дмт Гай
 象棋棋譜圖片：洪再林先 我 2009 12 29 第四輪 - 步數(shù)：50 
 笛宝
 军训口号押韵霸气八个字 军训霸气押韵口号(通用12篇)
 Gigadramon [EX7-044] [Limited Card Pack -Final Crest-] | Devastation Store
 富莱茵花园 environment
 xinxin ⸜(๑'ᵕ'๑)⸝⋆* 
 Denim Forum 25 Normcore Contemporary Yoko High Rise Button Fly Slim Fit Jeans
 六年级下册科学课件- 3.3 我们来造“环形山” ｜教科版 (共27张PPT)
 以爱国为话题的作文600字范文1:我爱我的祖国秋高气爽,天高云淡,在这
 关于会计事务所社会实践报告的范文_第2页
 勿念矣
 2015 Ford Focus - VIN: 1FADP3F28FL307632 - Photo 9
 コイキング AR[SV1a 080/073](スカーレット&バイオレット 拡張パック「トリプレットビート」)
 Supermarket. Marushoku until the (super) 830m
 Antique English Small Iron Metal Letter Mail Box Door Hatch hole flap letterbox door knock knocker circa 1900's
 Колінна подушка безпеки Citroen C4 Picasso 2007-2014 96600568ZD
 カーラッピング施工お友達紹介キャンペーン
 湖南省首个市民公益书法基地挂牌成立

Assigned task
All lines from the one holding "军训口号押韵霸气八个字 军训霸气押韵口号(通用12篇)" through the final line of the material must be set down exactly, and nothing else may be added.

Response area
 军训口号押韵霸气八个字 军训霸气押韵口号(通用12篇)
 Gigadramon [EX7-044] [Limited Card Pack -Final Crest-] | Devastation Store
 富莱茵花园 environment
 xinxin ⸜(๑'ᵕ'๑)⸝⋆* 
 Denim Forum 25 Normcore Contemporary Yoko High Rise Button Fly Slim Fit Jeans
 六年级下册科学课件- 3.3 我们来造“环形山” ｜教科版 (共27张PPT)
 以爱国为话题的作文600字范文1:我爱我的祖国秋高气爽,天高云淡,在这
 关于会计事务所社会实践报告的范文_第2页
 勿念矣
 2015 Ford Focus - VIN: 1FADP3F28FL307632 - Photo 9
 コイキング AR[SV1a 080/073](スカーレット&バイオレット 拡張パック「トリプレットビート」)
 Supermarket. Marushoku until the (super) 830m
 Antique English Small Iron Metal Letter Mail Box Door Hatch hole flap letterbox door knock knocker circa 1900's
 Колінна подушка безпеки Citroen C4 Picasso 2007-2014 96600568ZD
 カーラッピング施工お友達紹介キャンペーン
 湖南省首个市民公益书法基地挂牌成立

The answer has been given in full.